Print the line that contains "Komoda – 150" and every line after it through the last line of the records below, exactly as written and nothing else.

**Information supplied:**
○ ○ ○ ○ ○ ○ ○

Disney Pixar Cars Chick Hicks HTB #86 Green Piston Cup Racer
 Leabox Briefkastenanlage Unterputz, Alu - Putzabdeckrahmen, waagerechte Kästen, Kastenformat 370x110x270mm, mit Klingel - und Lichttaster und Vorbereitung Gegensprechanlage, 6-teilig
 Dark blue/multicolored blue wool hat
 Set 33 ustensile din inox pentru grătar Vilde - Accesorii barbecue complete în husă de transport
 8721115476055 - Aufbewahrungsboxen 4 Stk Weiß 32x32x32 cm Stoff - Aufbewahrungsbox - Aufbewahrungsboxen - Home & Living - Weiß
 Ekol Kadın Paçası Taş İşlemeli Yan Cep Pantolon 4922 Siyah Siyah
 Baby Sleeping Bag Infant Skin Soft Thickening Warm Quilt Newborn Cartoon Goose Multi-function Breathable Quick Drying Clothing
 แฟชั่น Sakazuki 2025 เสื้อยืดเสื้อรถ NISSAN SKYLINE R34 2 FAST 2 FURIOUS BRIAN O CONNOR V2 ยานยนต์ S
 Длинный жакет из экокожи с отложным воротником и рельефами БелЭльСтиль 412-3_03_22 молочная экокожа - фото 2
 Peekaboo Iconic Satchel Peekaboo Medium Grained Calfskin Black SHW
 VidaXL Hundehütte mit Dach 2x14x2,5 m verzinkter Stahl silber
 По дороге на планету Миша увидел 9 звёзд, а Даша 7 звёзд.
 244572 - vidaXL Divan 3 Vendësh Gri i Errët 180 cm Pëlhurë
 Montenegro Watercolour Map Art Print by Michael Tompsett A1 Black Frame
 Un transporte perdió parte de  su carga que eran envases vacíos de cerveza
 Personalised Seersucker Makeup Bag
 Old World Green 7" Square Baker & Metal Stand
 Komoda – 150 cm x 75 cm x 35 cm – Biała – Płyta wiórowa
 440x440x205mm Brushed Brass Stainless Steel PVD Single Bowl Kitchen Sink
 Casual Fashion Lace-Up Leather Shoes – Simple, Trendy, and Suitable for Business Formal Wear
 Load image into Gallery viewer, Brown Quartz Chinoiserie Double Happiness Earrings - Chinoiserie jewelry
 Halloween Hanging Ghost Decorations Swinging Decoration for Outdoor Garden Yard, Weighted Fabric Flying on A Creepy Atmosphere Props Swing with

○ ○ ○ ○ ○ ○ ○

**Answer below:**
 Komoda – 150 cm x 75 cm x 35 cm – Biała – Płyta wiórowa
 440x440x205mm Brushed Brass Stainless Steel PVD Single Bowl Kitchen Sink
 Casual Fashion Lace-Up Leather Shoes – Simple, Trendy, and Suitable for Business Formal Wear
 Load image into Gallery viewer, Brown Quartz Chinoiserie Double Happiness Earrings - Chinoiserie jewelry
 Halloween Hanging Ghost Decorations Swinging Decoration for Outdoor Garden Yard, Weighted Fabric Flying on A Creepy Atmosphere Props Swing with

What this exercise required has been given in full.